And so goes the thoughts in my head the day after being discharged from the hospital.   Since cable TV was my only steady friend and we don’t have cable TV at home, we got really well acquainted in the past 3 days.  I am convinced now that the wood floors in our home are stunning and that we can stay put for awhile longer.  Wood floors are on-trend these days dontcha know?

I also learned that O.B. elastic panties secure blankets over hospital bedrails really well!   When you are on “Fall Precautions” and have a history of seizures, they pad the bedrails with them.  The only problem is that I am sure that wrapping blankets over metal bed rails hardly meets JCAHO requirements for prevention of injury!  They outta have provided bed pads.  Oh well.  Welcome to the modern hospital complete with a 20+ year old hammock sling for a mattress.  Otherwise, the food filled my belly and care was alright.

I was in the hospital after an urgent trip to the Rapid Care Clinic associated with my doctor’s office sent me there on Sunday.  The Internal Medicine Doc said I could get an evaluation from an Infectious Disease Specialist there (which I was later promised in the ER as well).  That never happened.  What did happen was getting pumped with a plethora of drugs that created nausea for the first day and one-half, exhaustion from side effects and lack of sleep, weight gain from 4,000 cc of fluid and food-snacks-with-every-drug-to-protect-my-tummy, and a lesson in humility.

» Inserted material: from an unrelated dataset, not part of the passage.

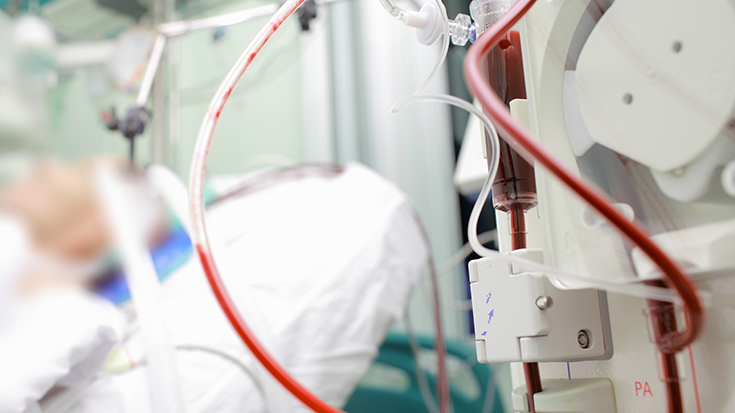 ecmo machine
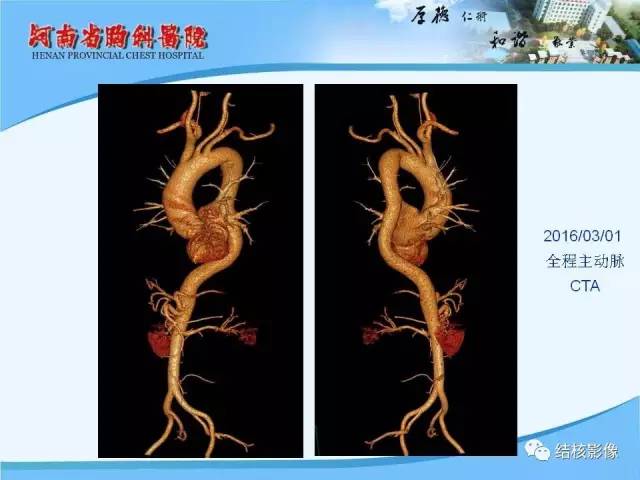 【PPT】胸痛相关疾病的影像诊断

Regarding the latter, I learned that Nurse Practitioners and Physician’s Assistants run the modern hospital in America these days.  Or at least they do for what happens bedside.  I saw both types of professionals; they got to talk to the Infectious Disease Doc but I did not.  Turns out that my acute case of shingles had been seen before so they treated me “by the book.”  Never mind my history of daily seizures and concern for the brain-swelling complications that can come with the worst cases of shingles:  a disaster potential which could change my life even further, forever.  Thank you Lord that I had called the Ophthalmologist on-call the night before and gotten the treatment needed to protect my eyes from the herpes zoster virus.  It is through the blurry vision of an eye ointment that I chat with you today!  The hospitalists never mentioned protecting my eyes from the spread of this nasty, searingly painful viral infection . . .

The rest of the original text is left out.